WHAT YOU SHOULD DO -> Exactly the lines from the beginning of the records below through the line with "Before performing POEM, we" must be given again, without pictures.

(Extracted data entries)
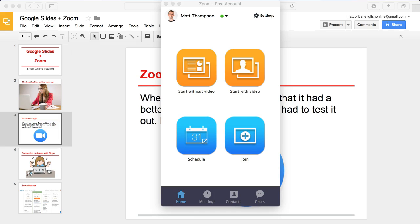Hi, this is Matt from Smart Online Tutoring and this is a quick tutorial to show you how you can use Zoom plus Google Slides to remain totally in control of your lesson materials during your online lesson.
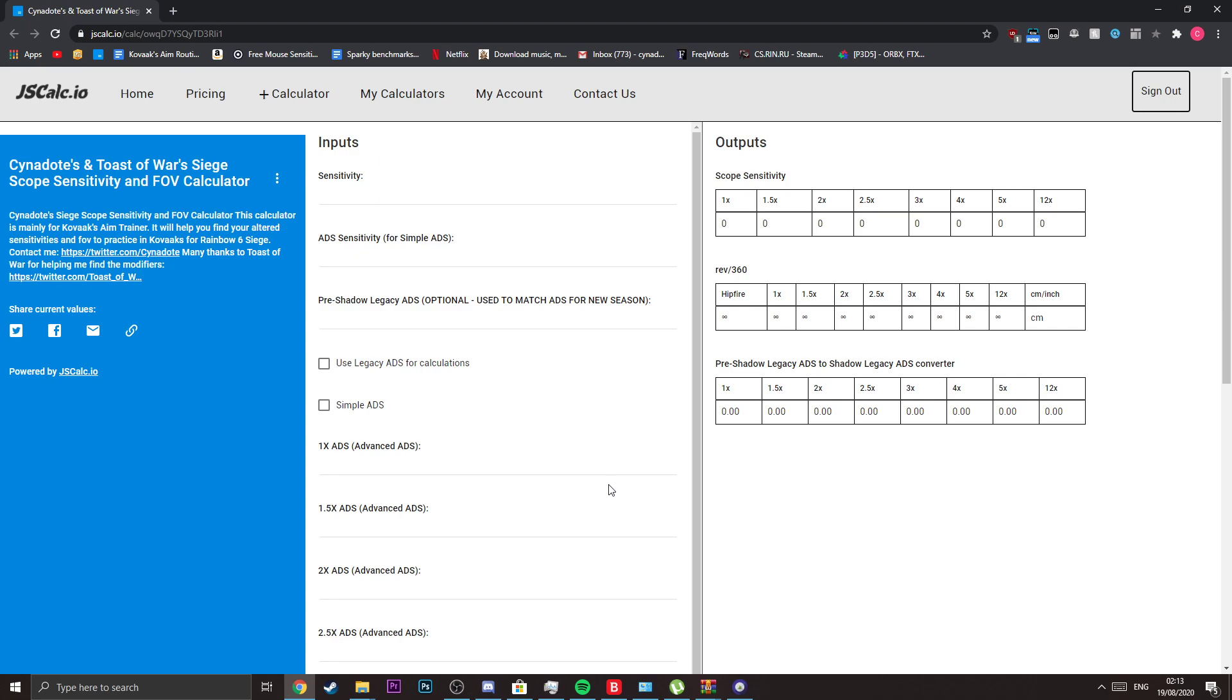In my previous one, we had the liberty of actually having a Ubisoft blog post which listed the scope modifiers, so I could easily just plug them in the calculator and there would be no problem. But with this update they decided to not give us any modifiers, so that's where me and toast came in.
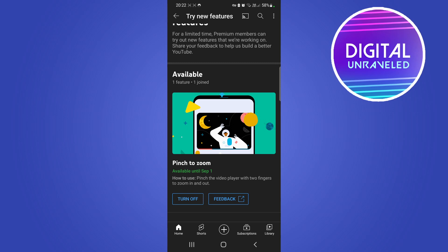You might just need to wait a bit in order for that to pop up if you are a premium subscriber. One of the other things that you can try and do is to just update your YouTube app.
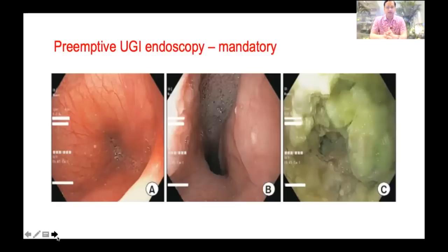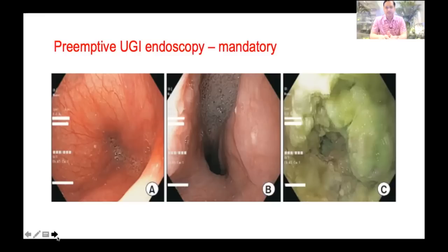Before performing POEM, we have to do endoscopy and evaluate the esophagus for three things. First, for cleanliness — in A you can see absolutely clean esophagus; in B, liquid residue in the esophagus; in C, solid debris. From A to C, the difficulty scale increases because chances of submucosal fibrosis increase as food and liquid will stagnate in the esophagus.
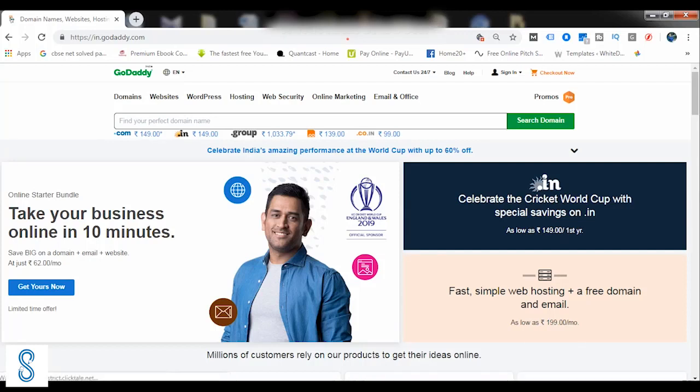Welcome back guys, and in this video series we would be learning how to book a domain name. A domain name can be booked from various platforms. One of the most popular platform is GoDaddy.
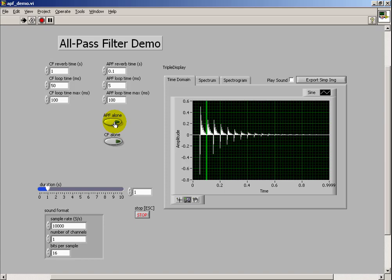This is with the comb filter driving the all-pass filter. We see the initial hits are being generated by the comb filter.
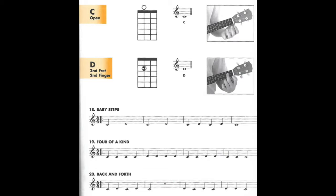If we are asked to play the pitch D, we pluck the same string, the C string, but we place our finger on the second fret of that string before we pluck it. This raises the pitch up to a D.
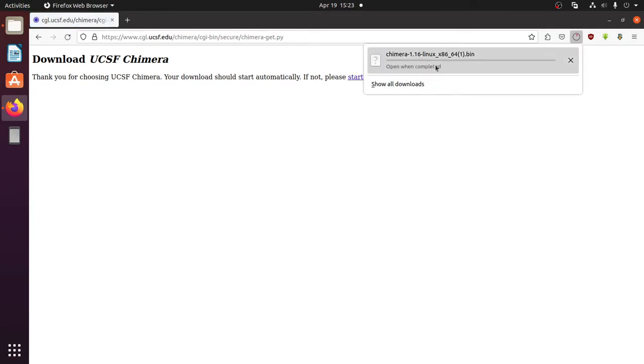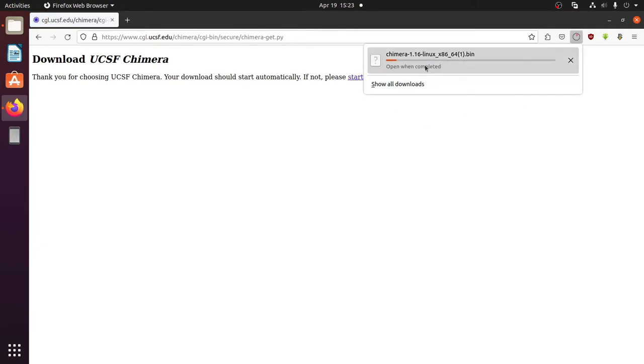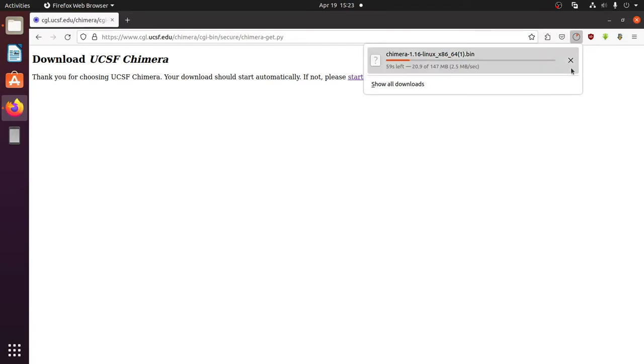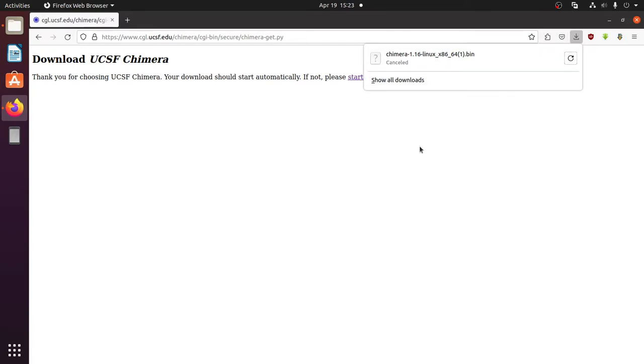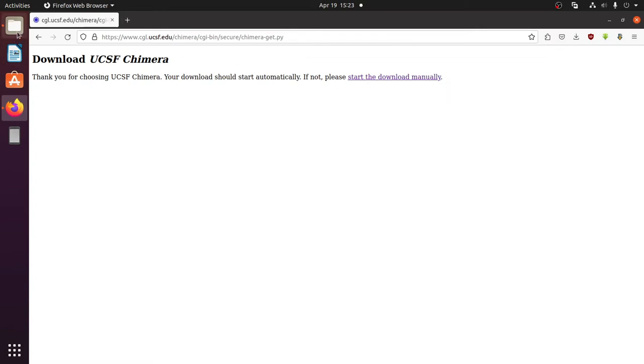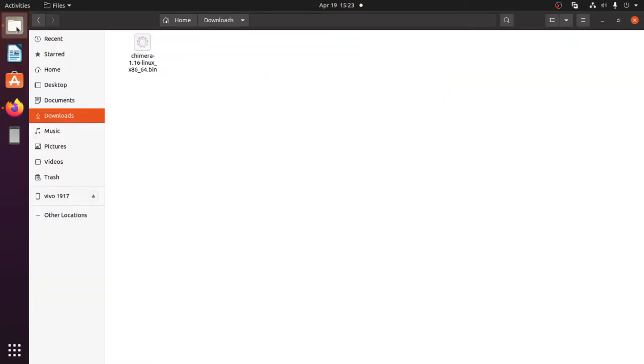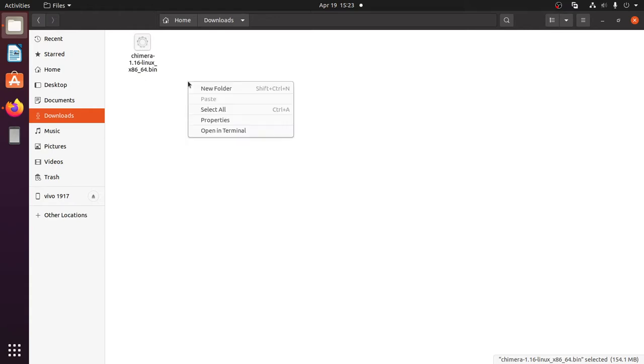It started downloading. Since I have it already, I'll cancel the download. Go to the folder where you downloaded UCSF Chimera, right-click in empty space, and click 'Open in Terminal'.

SOLVED EXERCISE ->
Hi, this is Matt from Smart Online Tutoring and this is a quick tutorial to show you how you can use Zoom plus Google Slides to remain totally in control of your lesson materials during your online lesson.
In my previous one, we had the liberty of actually having a Ubisoft blog post which listed the scope modifiers, so I could easily just plug them in the calculator and there would be no problem. But with this update they decided to not give us any modifiers, so that's where me and toast came in.
You might just need to wait a bit in order for that to pop up if you are a premium subscriber. One of the other things that you can try and do is to just update your YouTube app.
Before performing POEM, we have to do endoscopy and evaluate the esophagus for three things. First, for cleanliness — in A you can see absolutely clean esophagus; in B, liquid residue in the esophagus; in C, solid debris. From A to C, the difficulty scale increases because chances of submucosal fibrosis increase as food and liquid will stagnate in the esophagus.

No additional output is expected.